Monday, August 08, 2005


Hidden Crime

The last serious post I made before swanning off to EuroDisney was all about confusing and conflicting crime statistics. My tongue in cheek pop at New Labour's preference for using the British Crime Survey as an authoratitive source of crime statistics solicited the following comment from Phil:
Obviously the anecdotal evidence from a random survey is much more accurate than official crime statistics.

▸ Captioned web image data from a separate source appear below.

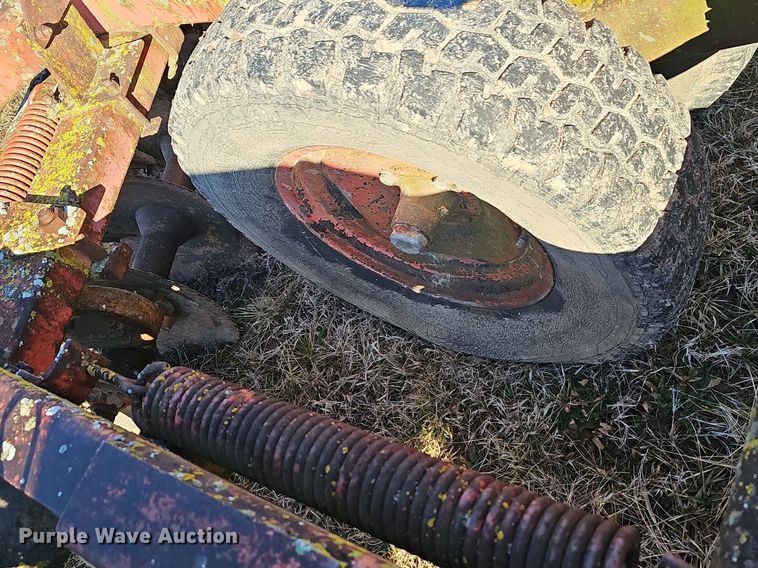 image for item EJ5845 Tandem disk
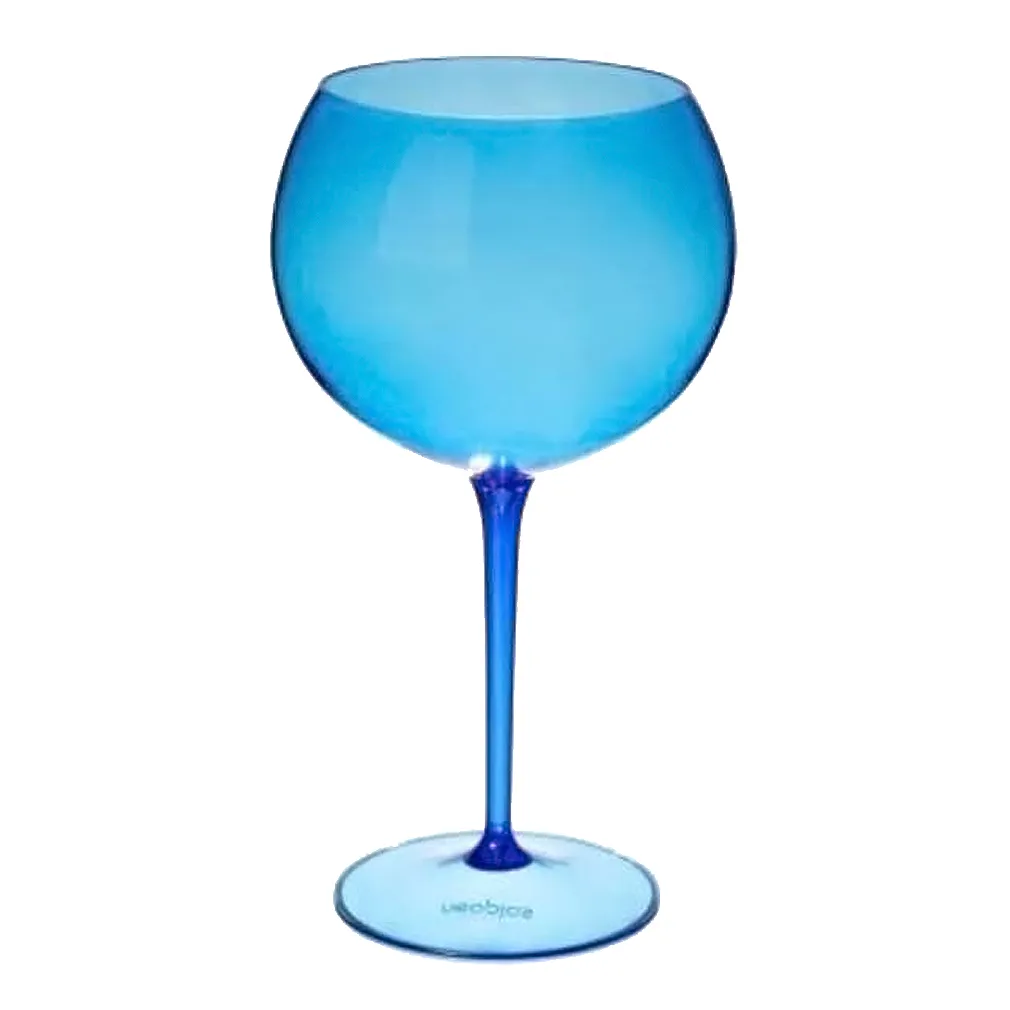 TACA CURVES GIN LONDON 600ML SAFIRA NEOPLAS                                                                                                                                                             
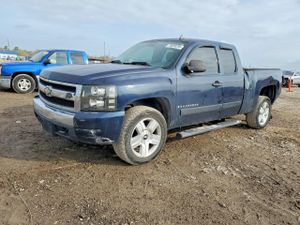 Chevrolet Silverado 1500 C1500 5.3L 8 2008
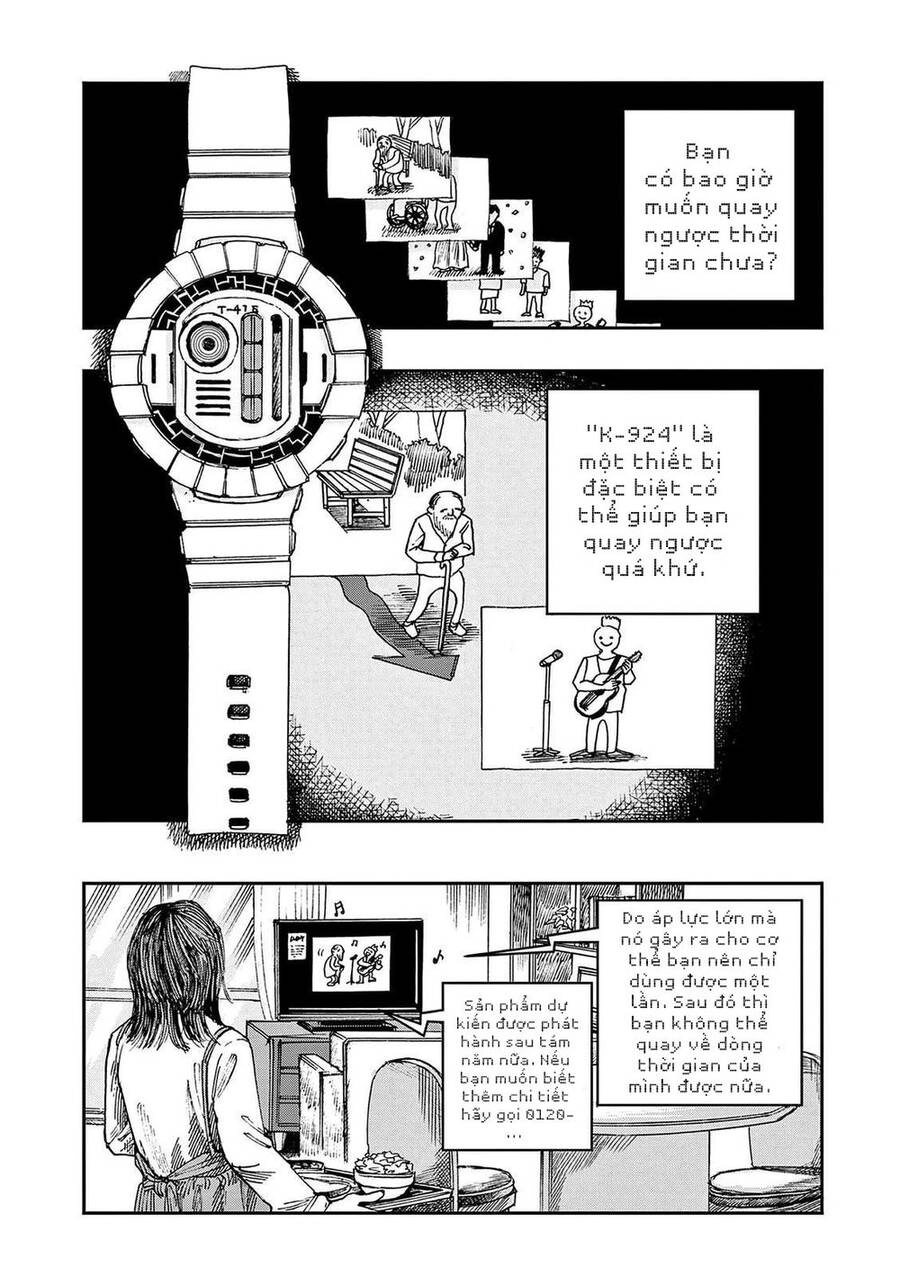 Truyền Thuyết 100 Câu Chuyện Ma Chapter 32 - 3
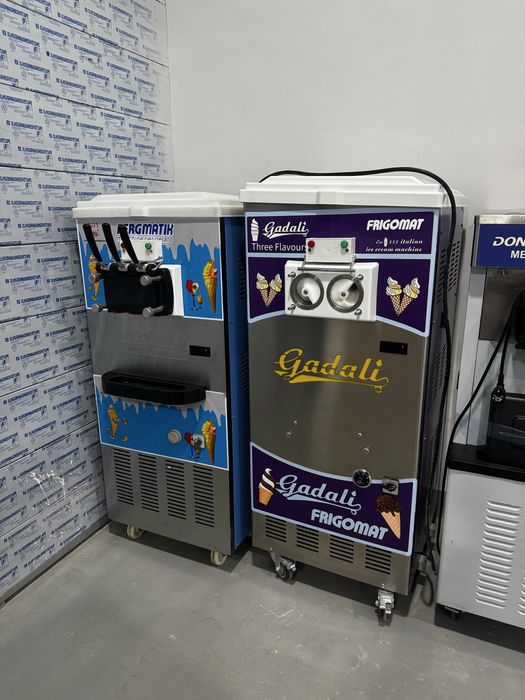 Мороженое аппарат,фрезер,фризер fergomat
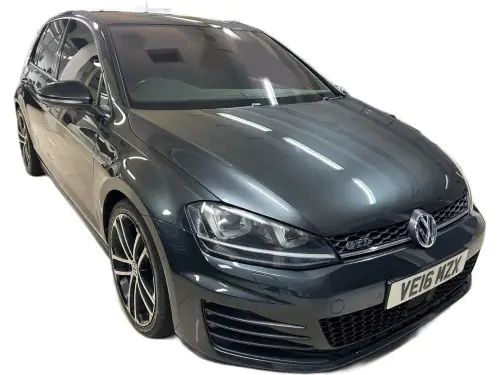 Volkswagen Golf VE16 MZX
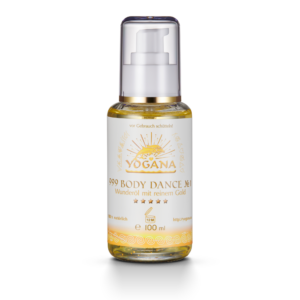 Yogana-Öl mit Feingold Body Dance 1, 100ml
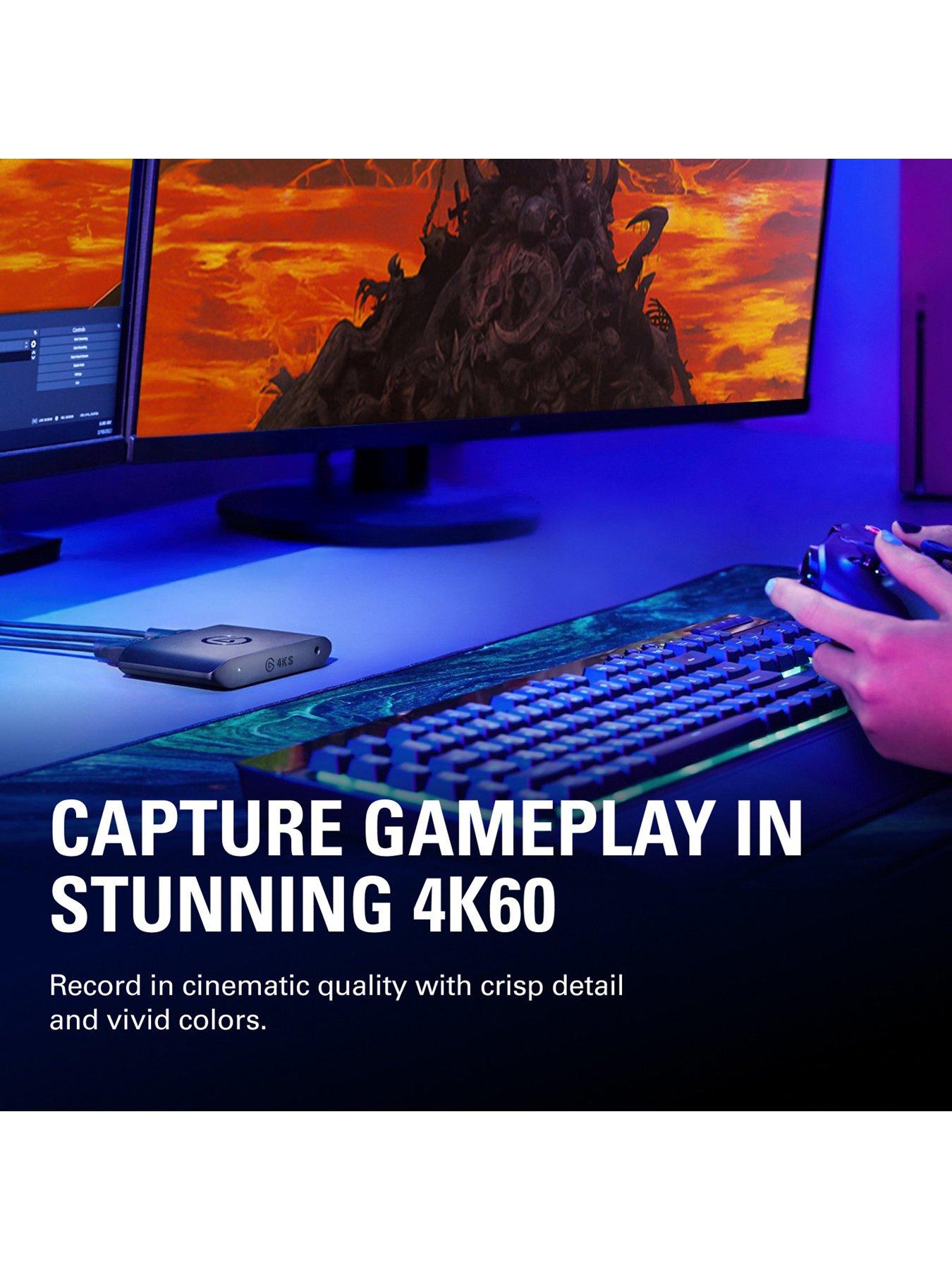  image of elgato-game-capture-4k-s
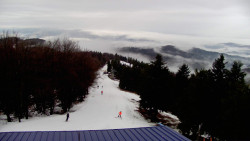 Lalíky vrcholová stanice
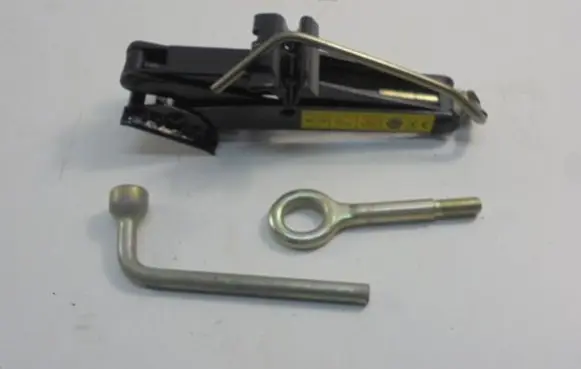Fiat Seicento/600 Lift Jack 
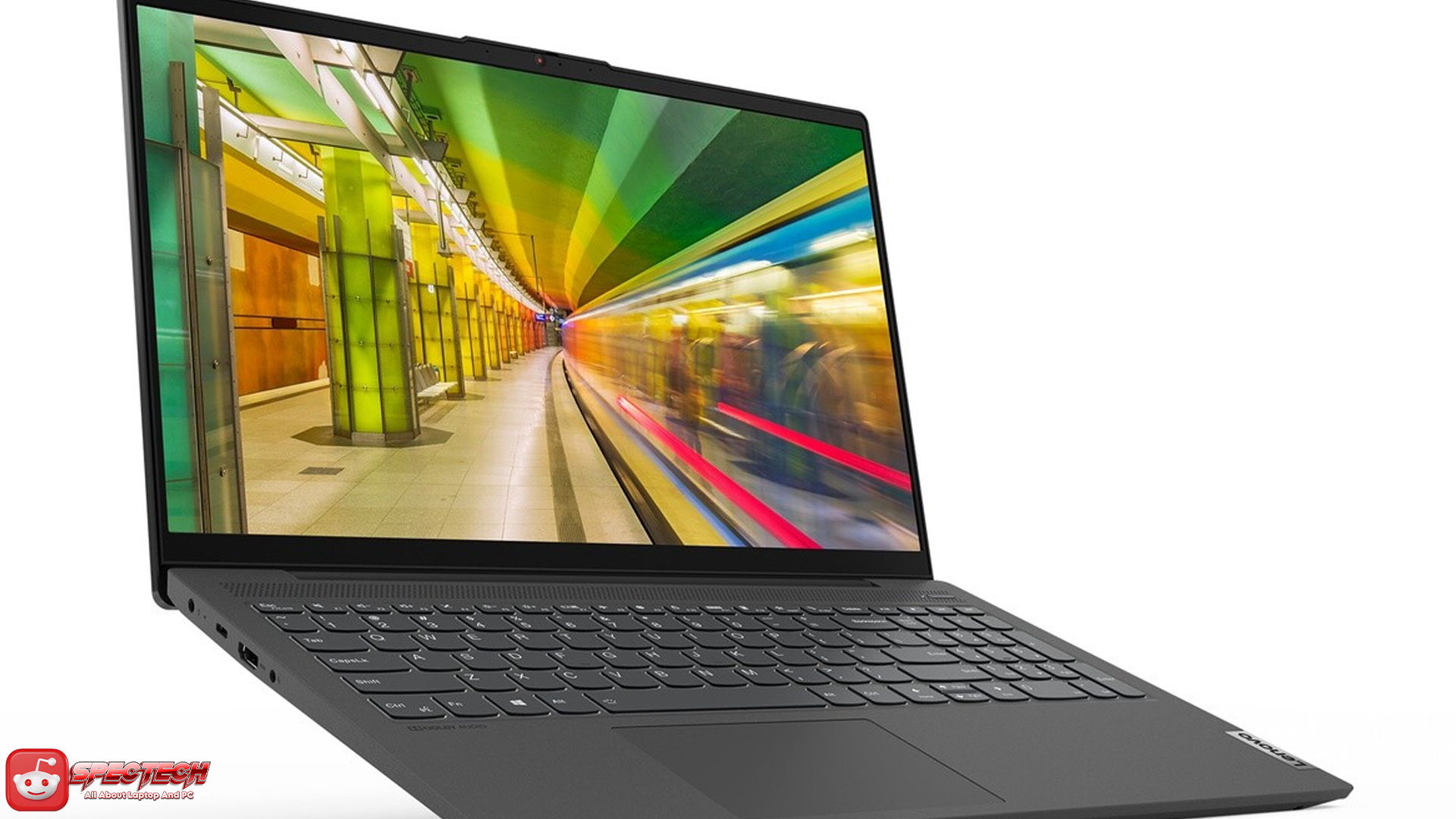 Lenovo IdeaPad 5 15ITL05: Sahabat Ngoding dan Nonton Drakor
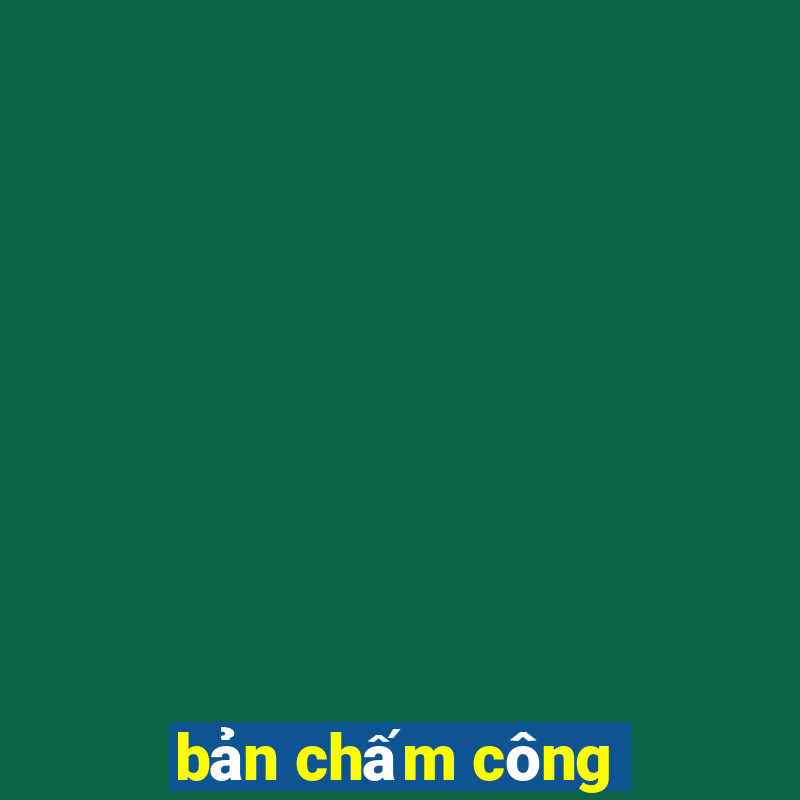 bản chấm công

Actually, yes, it is. The British Crime Survey interviews a sample of 40,000 people, weighted to give a cross-section of the public; the survey asks the same questions, with the same wording, year after year. Police recorded crime data, by contrast, is highly responsive to political pressure, both in how it's recorded - count this as a crime and dismiss that as an 'incident' - and in how it's gathered in the first place: put a few dozen coppers in the centre of town at chucking-out time and you'll end up with a lot more 'violent offences' recorded than you did before. The British Crime Survey isn't perfect, but it's much more trustworthy than police figures - ask any criminologist.
Here is a part of my reply:
The BCS may be a useful long term trend indicator but at the end of the day 40000 people represents about 0.07% of the population. It does not account for crimes against businesses, crimes against under 16 year olds, crimes where there is 'no direct victim' (ie: drug dealing - morally dubious that one if you ask me) and finally (and this is a belter), crimes that have involved deaths (like homicide)... because, to directly quote the Home Office - 'as the victims cannot be interviewed'

In summary, the Home Office conveniently ignores drug dealing, vandalism, crimes against children, shop lifting and murder when it presents its authoratitive crime figures.
So today, I stumble upon this article on Sky:
Around three out of five small business have been burgled, robbed, or been hit by other crime, according to a new survey.

And most small business owners do not bother to report crime to the police because they do not believe the offenders will be caught, the Federation Of Small Businesses poll said.

A survey of 18,000 businessmen and women showed that fewer than half would contact police if they became a victim of crime.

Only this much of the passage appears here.